A few weeks ago, during a particularly bad shelling, she found herself underground praying that she would be killed rather than lose her legs. Nonetheless, she spoke of her faith becoming stronger under the strain. She reminded me of one of my neighbors back at home, a Palestinian woman, who lost everything she owned in East Jerusalem. The bombings and shellings have become part of daily life. "You know when to run. You know when to duck. You know when to hide. It is normal for us."

Another thing that has become normal is the lack of food, water, and electricity. When Semra's younger brother saw a potato, he became very excited. Semra hates tomatoes, but when she could find them in Sarajevo, she ate them. The UN is making no effort, it seems, to distribute food to the people. When the UNPROFOR vehicles pass, the people of Sarajevo call out "Chetnik taxi!" Only the press and the severely injured or ill get transport out of Sarajevo.

Semra, who has been in the thick of the fighting, understands better than most that I cannot accept intervention as a solution. When she asked if I would wear a bullet-proof vest, I said "yes". When she asked if I could handle a gun, I said "I do not carry guns or use them." I could see, however, that she understood that I cared for the people of Bosnia, that I wanted to do all that I could to see that they received the food and aid that they so desperately needed.
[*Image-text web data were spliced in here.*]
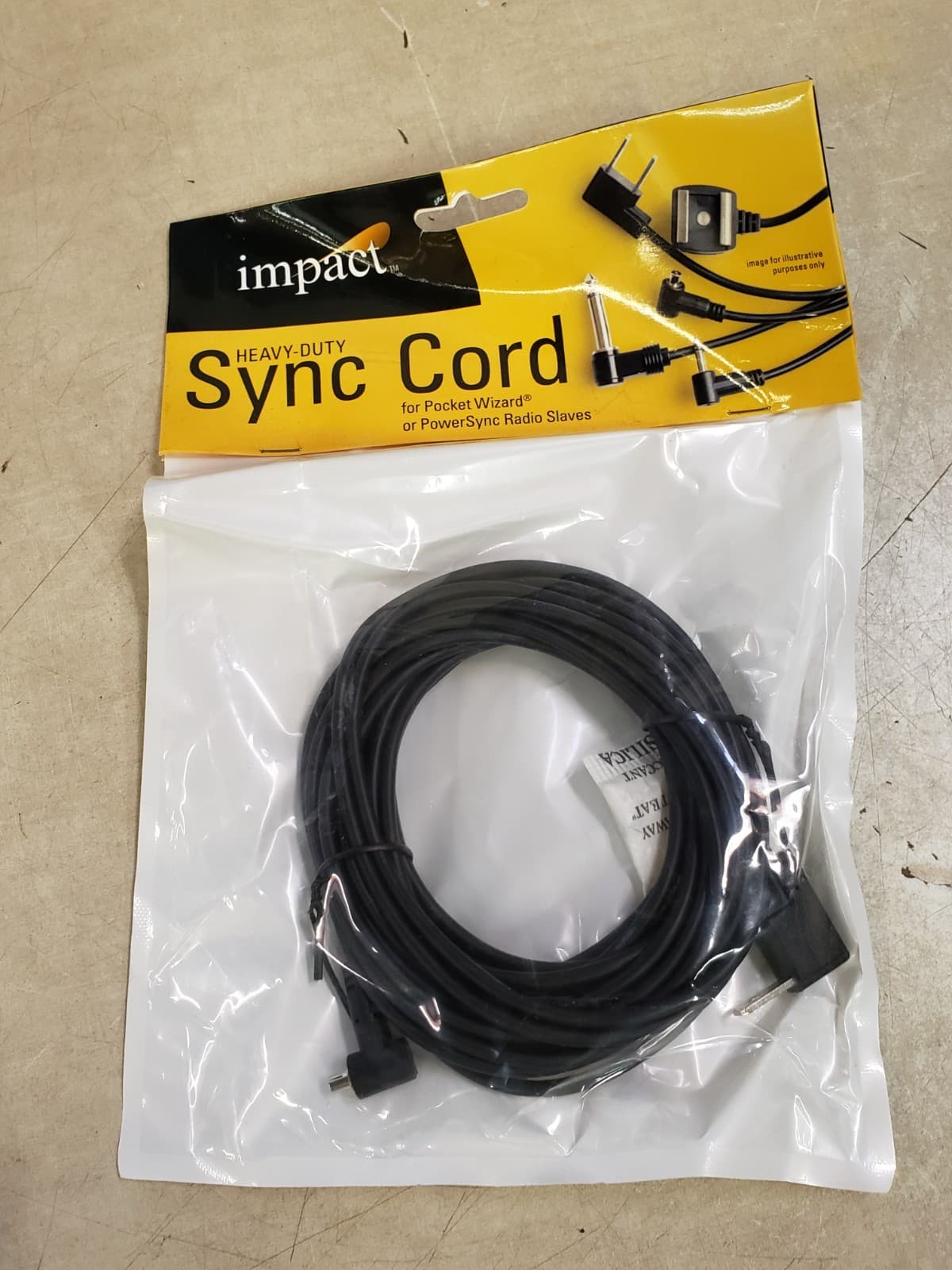 Impact Sync Cord Male Household to Male PC 4ft Coiled Cord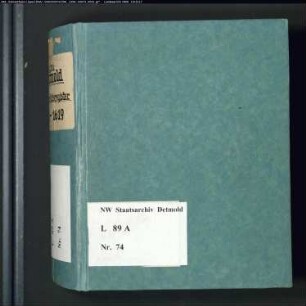 Gogerichtsregister Vogtei Detmold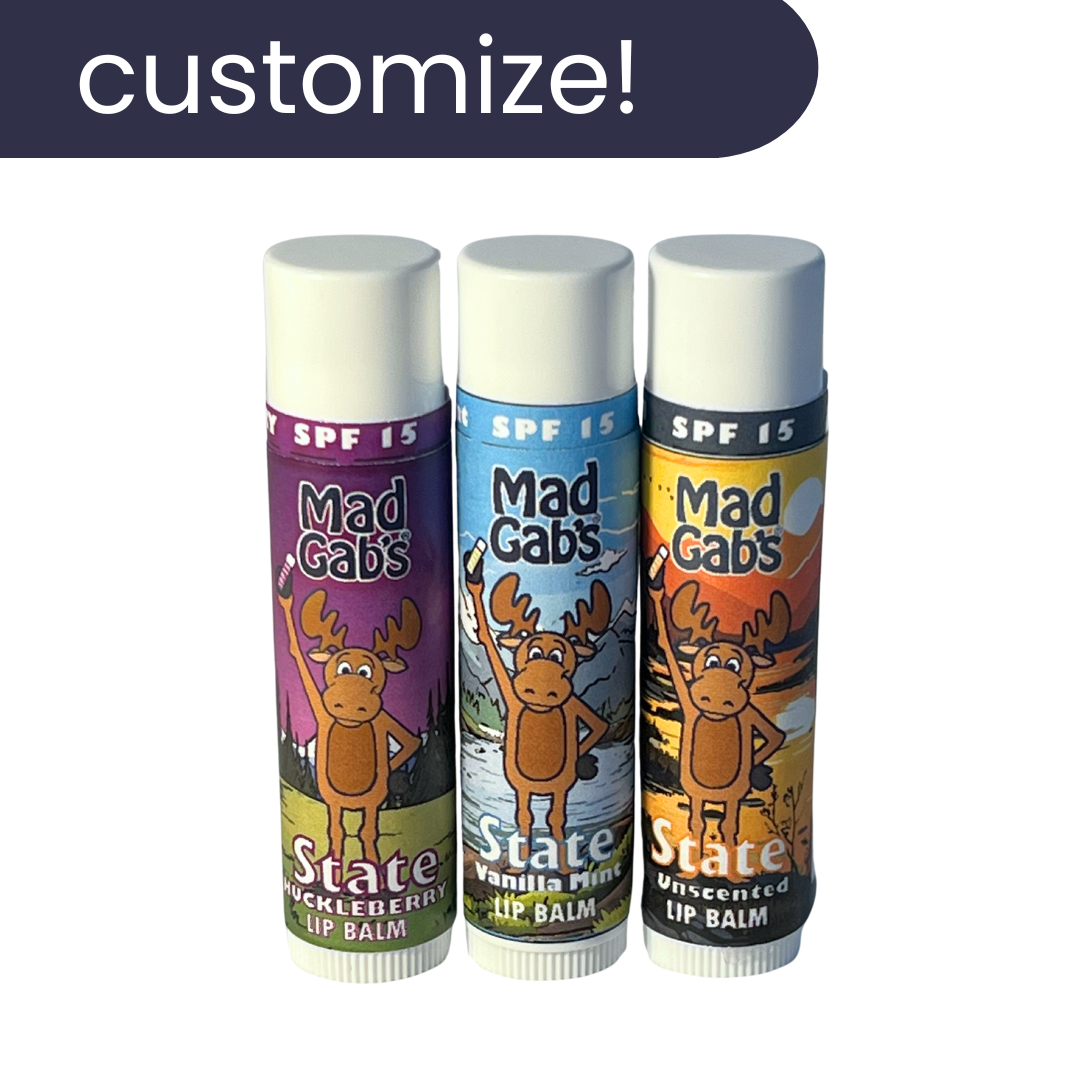 Mad Gab's - Wholesale Lip Balm - SPF 15 Custom Name-Drop Moose Lip Balm1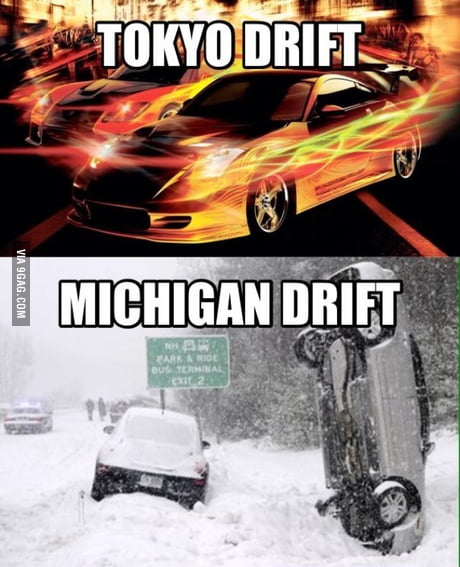 The car drifting meme - 9GAG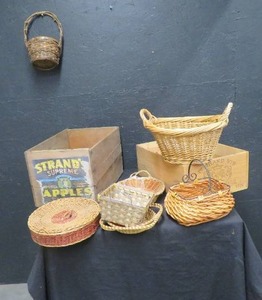 WICKER BASKETS AND MORE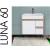 Leziter Dulap inferior Luna 60 cu lavoar Mobalis Homvera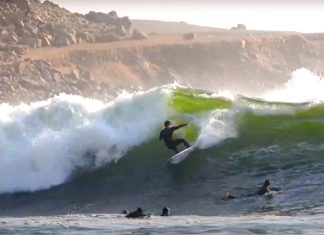 Swell de respeito em La Herradura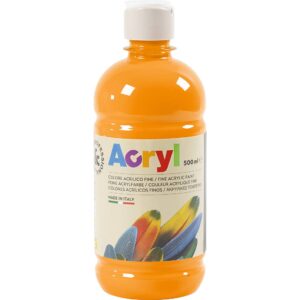 PRIMO Allround Acrylmaling, blank, orange, 500 ml/ 1 fl.
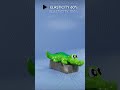 elastic crocodile physics simulation #satisfying #trending #like #animation #relaxing #subscribe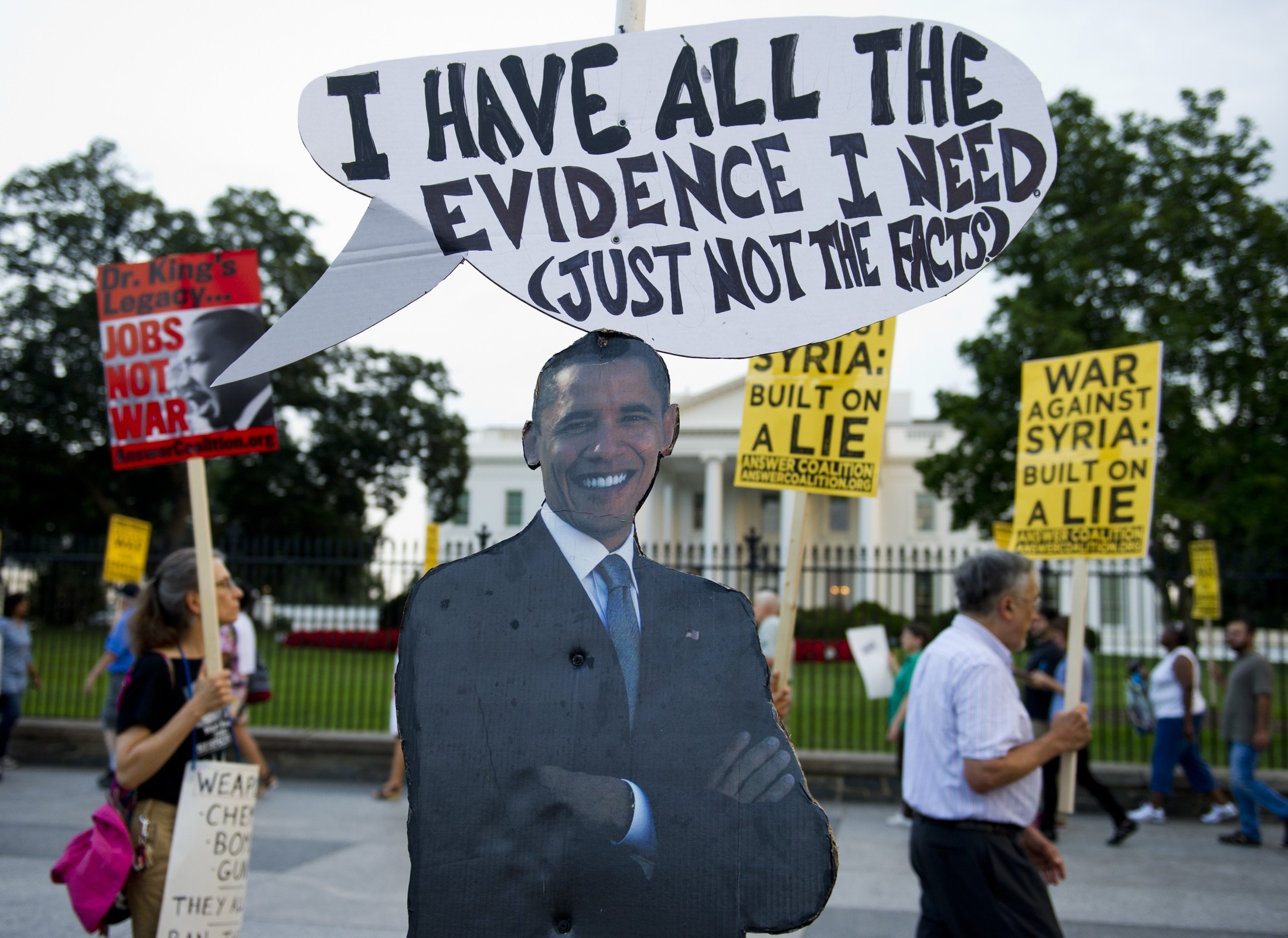 Obama protest poster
Christian and Jewish readers of this message should remember that Allah, the God of the Koran, is Yahweh, the God of the Old and New Testaments. Our Muslim brothers and sisters love the same God as we do: in the name of that God, should we not do all that we can to feed the Bosnians instead of doing that which will ensure that many more Bosnians, Croats, and Serbs die? We should not reserve the right to kill while neglecting the basic duties of our faith. Our witness to the whole world is peace. Let us do all that we can to create it in Bosnia and in the whole world.